Adapun kendala yang dihadapi ketika memasang lampu hias tersebut, menurut Dwi, seringnya terjadi korsleting, apabila satu lampu mengalami arus pendek, maka akan merambat ke semua lampu dan harus diulangi dari awal pemasangannya. “Untuk mengatasinya, kami memasang gabus yang dicairkan menggunakan air bensin di setiap ujung lampu,” tambahnya.
Dwi mengungkapkan, lampu-lampu tersebut dibeli di Surabaya, karena sangat sulit menemukannya di Ponorogo di samping harganya yang mahal. Sedangkan di Surabaya harga lebih murah dibandingkan di Ponorogo sendiri. Adapun dana yang dianggarkan untuk pembelian lampu-lampu hias tersebut adalah sebesar Rp 13,5 juta.

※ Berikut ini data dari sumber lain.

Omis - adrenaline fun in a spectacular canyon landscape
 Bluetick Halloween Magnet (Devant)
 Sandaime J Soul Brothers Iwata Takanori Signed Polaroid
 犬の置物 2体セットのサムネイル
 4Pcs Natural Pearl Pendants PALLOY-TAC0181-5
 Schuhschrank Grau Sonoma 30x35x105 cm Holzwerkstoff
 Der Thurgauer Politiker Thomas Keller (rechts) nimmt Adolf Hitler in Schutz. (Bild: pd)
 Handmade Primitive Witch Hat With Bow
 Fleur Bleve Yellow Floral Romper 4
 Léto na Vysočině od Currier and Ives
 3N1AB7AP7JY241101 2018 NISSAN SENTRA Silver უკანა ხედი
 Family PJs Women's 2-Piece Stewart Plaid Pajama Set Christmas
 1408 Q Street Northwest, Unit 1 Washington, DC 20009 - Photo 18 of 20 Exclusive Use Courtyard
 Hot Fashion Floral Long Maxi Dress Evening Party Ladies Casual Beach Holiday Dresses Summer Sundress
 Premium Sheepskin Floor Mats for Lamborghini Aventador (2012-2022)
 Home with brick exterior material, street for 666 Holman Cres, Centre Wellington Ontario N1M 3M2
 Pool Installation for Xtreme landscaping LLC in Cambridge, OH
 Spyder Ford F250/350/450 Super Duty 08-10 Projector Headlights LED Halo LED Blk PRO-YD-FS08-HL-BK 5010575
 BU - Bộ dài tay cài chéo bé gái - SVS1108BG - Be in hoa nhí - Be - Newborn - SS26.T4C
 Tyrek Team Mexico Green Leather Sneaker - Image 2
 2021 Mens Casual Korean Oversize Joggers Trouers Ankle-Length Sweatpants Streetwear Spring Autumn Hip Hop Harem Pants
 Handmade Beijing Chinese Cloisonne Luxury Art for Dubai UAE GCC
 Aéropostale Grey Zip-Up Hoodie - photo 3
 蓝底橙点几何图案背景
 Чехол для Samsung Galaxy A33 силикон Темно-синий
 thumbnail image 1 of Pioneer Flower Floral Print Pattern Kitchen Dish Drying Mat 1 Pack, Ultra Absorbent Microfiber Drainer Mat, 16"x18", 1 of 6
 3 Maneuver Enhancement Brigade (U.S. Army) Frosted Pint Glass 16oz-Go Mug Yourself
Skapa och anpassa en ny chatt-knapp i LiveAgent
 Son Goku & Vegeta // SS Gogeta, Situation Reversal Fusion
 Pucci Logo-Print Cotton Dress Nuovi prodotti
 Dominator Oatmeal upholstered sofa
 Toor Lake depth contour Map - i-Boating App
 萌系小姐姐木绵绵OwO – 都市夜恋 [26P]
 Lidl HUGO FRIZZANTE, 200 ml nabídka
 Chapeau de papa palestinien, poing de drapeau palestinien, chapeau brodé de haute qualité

Karena pemasangan lampu hias tersebut sangatlah berdampak pada naiknya tagihan listrik pondok sekitar 25% dari bulan-bulan biasanya, lampu-lampu itu hanya dipasang ketika bulan Syawwal, Lomba Perkemahan Penggalang dan Penegak (LP3), dan Drama Arena (DA) ataupun Panggung Gembira (PG). Demi menghemat pengeluaran, Dwi Cahyono sempat berpesan kepada seluruh santri, agar mematikan dan menyalakan lampu tepat pada waktunya.